Legal and Ethical Considerations for Providing Access to Born-Digital Collections: Attorney-Client Privilege

This blog is part three of a series comprising a set of primers that address ten complex legal and ethical issues encountered when providing access to born-digital archival records. The guidance is grounded in two foundational beliefs: 1. There is a potential to harm individuals, communities, and institutions if access is not thoughtfully and strategically viewed through an ethical and legal lens; and 2. It is not ethical to restrict access unnecessarily. For more information see: https://osf.io/ketr7/.


The Seeley G. Mudd Manuscript Library of Princeton University in their Guide to the American Civil Liberties Union Records defines attorney-client privilege as “any document reflecting an exchange with a client or a potential client (including but not limited to: written correspondence, memoranda to the file, notes, or any other report of communication to or from a client or potential client) made for the purpose of furnishing or obtaining professional legal advice and assistance” (Seeley J. Mudd Manuscript Library 2020). This common law applies equally to records that are from open or closed cases, but not to any documents filed in court, which are public(1). For attorney-client privilege, the right to the privileged information is exercised by the client. 

In addition to attorney-client privilege, attorney work product is a broader category of records that includes any material prepared for litigation, and not just by the attorney (Briston 2016). For these records, right to access is controlled by the attorney, but usually by the time they make it to an archival repository this right has been transferred to the repository via a deed of gift or similar record. 

There is not a law that defines the duration of attorney-client privilege, thus people in the legal profession dispute its expiration, starting with the question of whether it expires at all. Some have made suggestions for changes in legal ethic codes for reasonable exemptions or better defining when attorney-client privilege ends, since there has been little direction for the courts or ethics committees (Hobbs 1992).

Given the breadth of interpretation and context required to determine when and where attorney-client privilege applies, there is not broad agreement on how to handle attorney-client privilege in archives. In fact, lawyers are often advised to refrain from archival donations, leaving a large gap in the historical record of an important part of our justice system. Many bar associations have ruled against donating files to archives (Hobbs 1992). If lawyers’ papers make it to a special collections repository, it is often because an heir donated them, but some lawyers donate their own papers at their own risk.

Law firms have some common records management practices. Attorneys often return files to clients or destroy closed files on a retention schedule. Other catalysts for review or destruction in the legal records management lifecycle include when the representation terminates, the lawyer retires or dies, or the law firm dissolves.

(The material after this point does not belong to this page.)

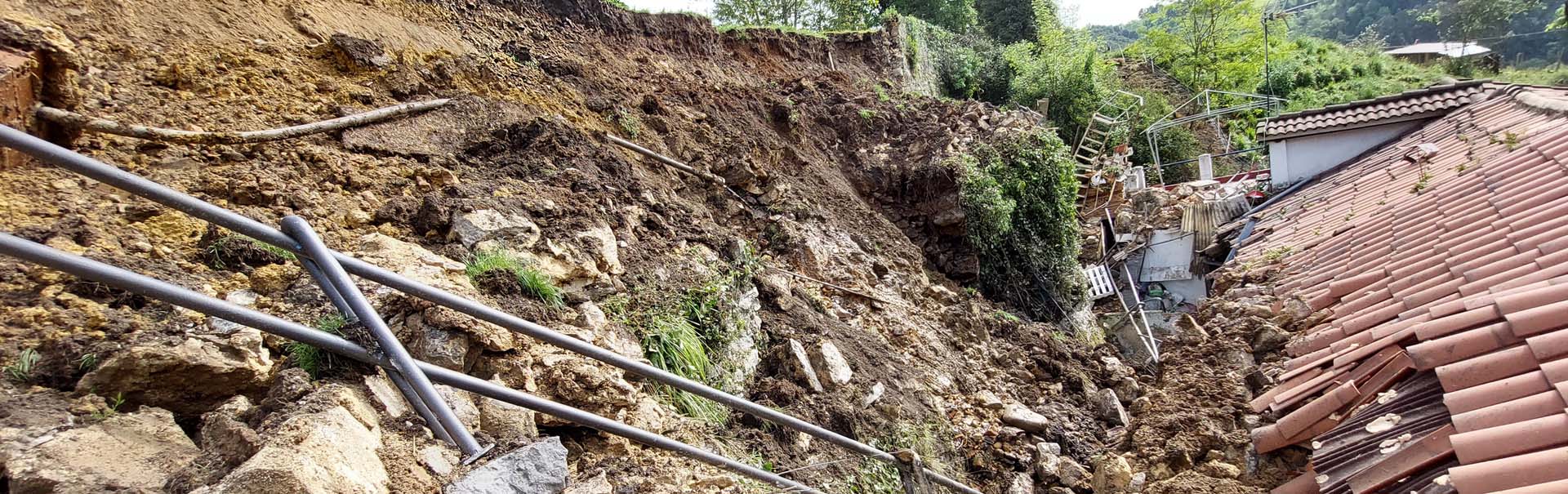 DESPRENDIMIENTO OVIEDO 2 DESPRENDIMIENTO OVIEDO 2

Collections where an attorney is the donor or main creator of the material are an obvious place to keep an eye out for records under these restrictions, but lawyer’s collections aren’t the only place you’ll find attorney-client privilege or work product. It may apply in any collection of an individual made privy to litigation, or in the institutional records of any business or organization where litigation has ever occurred. In fact, most special collections repositories steer away from lawyers’ collections because attorney-client privilege can make records donated by lawyers questionable on ethical grounds and extremely difficult to manage.

Archivists must approach these types of records within their own institutional and legal contexts. This information sheet will attempt to provide some guidance in determining how to address attorney-client privilege in the collections you manage.

Most likely to come up in

  • Institutional Archives
  • Government Archives
  • Corporate Archives
  • In certain special collections:
    • The collection of an individual made privy to litigation
    • Collections where an attorney is the donor or main creator of the material
    • The collections of a business or organization where litigation has ever occurred
  • Could appear especially in email or word processing files in any of the listed types of archives and collections.

Actions for the institution to take

Offer support in the form of legal counsel to the employee responsible for managing access to the collection. 

Avoid acquiring collections that are likely to be majority attorney-client privilege or work product if your institution and/or the person managing these restrictions do not have access to legal counsel. Instead, help find a new home for them at an appropriate institution.

 

Actions for the archivist to take

How can I look for attorney-client privilege in collections?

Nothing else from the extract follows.